Piping and redirection

Piping and redirection

  • Piping and redirection help create powerful workflows that will automate your work, saving you time and effort.
  • We looked at a collection of filters that would manipulate data for us.
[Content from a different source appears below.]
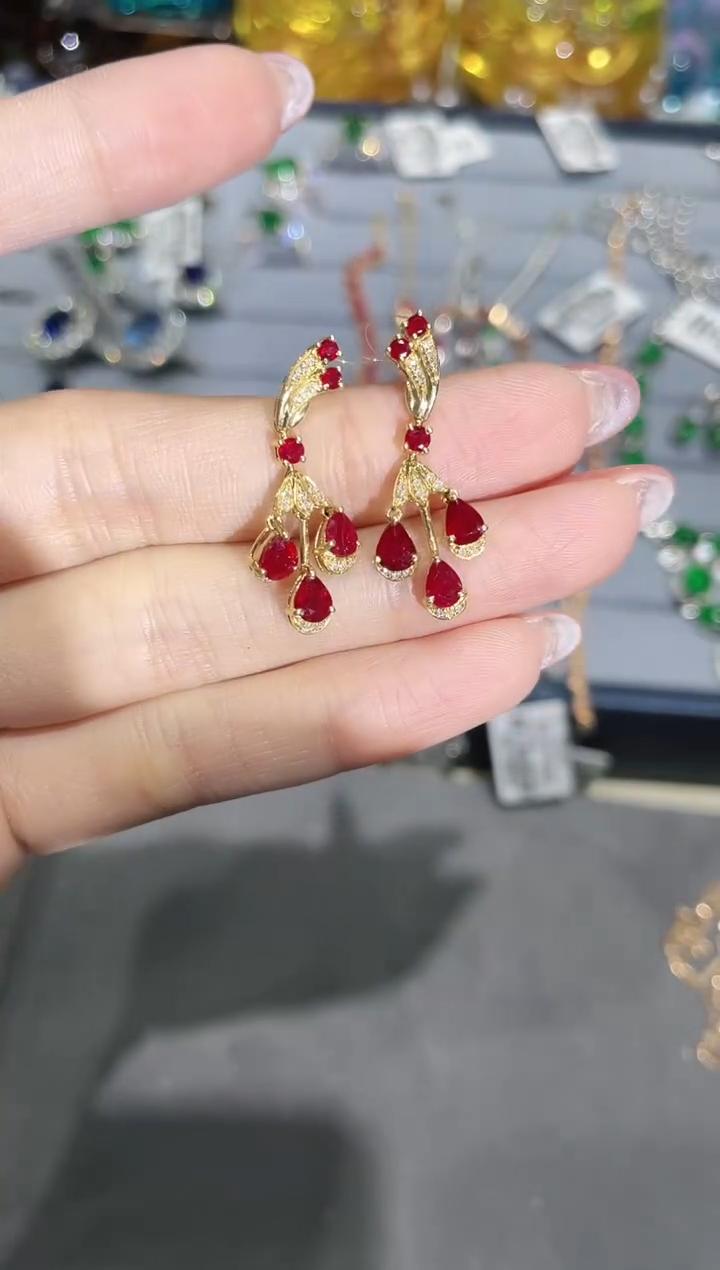 18K金镶嵌天然红宝石耳饰耳钉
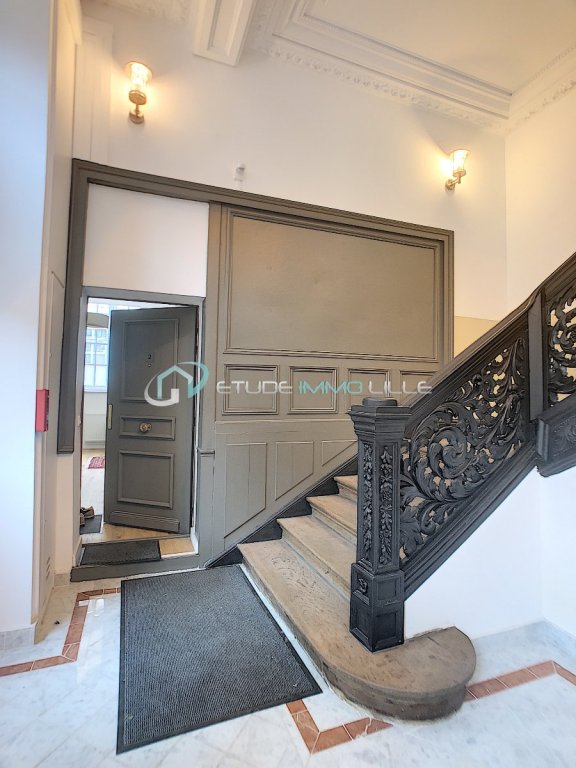 STUDIO* - VIEUX LILLE - 32.17 m2 - 627 &euro; charges comprises par mois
How we may join them together to do more powerful data manipulation?

Redirecting to a File

In [96]:
ls > output
cat output
BDE-L0-intro.ipynb
BDE-L0-intro.slides.html
BDE-L1-bigdata.ipynb
BDE-L1-bigdata.slides.html
BDE-L2-linux.ipynb
BDE-L2-linux.slides.html
figs
output

Saving to an existing file

In [97]:
wc -l output
wc -l output >> output
cat output
8 output
BDE-L0-intro.ipynb
BDE-L0-intro.slides.html
BDE-L1-bigdata.ipynb
BDE-L1-bigdata.slides.html
BDE-L2-linux.ipynb
BDE-L2-linux.slides.html
figs
output
8 output

Piping

  • Now we'll take a look at a mechanism for sending data from one program to another.
  • It's called piping.
  • The operator we use is ( | ).
In [84]:
ls | head -3
BDE-L0-intro.ipynb
BDE-L0-intro.slides.html
BDE-L1-bigdata.ipynb